The book builds and crests like a wave, and the pacing kept me turning pages. The author has clearly done his research on the art (and drudgery) of sailing. In an introduction, Jacobs details how he himself became part of a crew delivering a yacht, and that experience lends authenticity to his writing about the crazy life at sea.
But for someone like me who doesn’t know my port from my starboard, I sometimes had trouble picturing or understanding the physical circumstances of where the characters were and what they were doing. There’s one key, highly dramatic moment in the middle of the book, for example, that didn’t pack the punch it could have because the logistics were lost on me. I had to stop reading and Google some things to figure out what just happened.

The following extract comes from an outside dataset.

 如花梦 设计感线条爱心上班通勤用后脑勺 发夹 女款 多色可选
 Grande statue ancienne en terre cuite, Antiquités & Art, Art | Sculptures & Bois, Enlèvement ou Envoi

And while the mystery of what’s going on with The Blackwatch kept trying to deepen and build, the story struggled to find its sea legs at times. Intriguing plotlines would begin to swell but never gain momentum. A long, delightfully amusing scene with a quirky old sage promises to be a huge turning point in the narrative, yet it ultimately doesn’t have much impact. I wanted more: more from the diary entries; more understanding of the history and tragedy of the hulking ship that looms over these characters; and more about the complicated, churning fates that bring everyone their moment of reckoning.
Still, The Night That Finds Us All is an impressive read that’s both eerie and tense. Despite some choppiness here and there, it’s a really fun ride.
Tara Laskowski is the author of the Agatha Award-winning novel The Weekend Retreat. She lives in Virginia.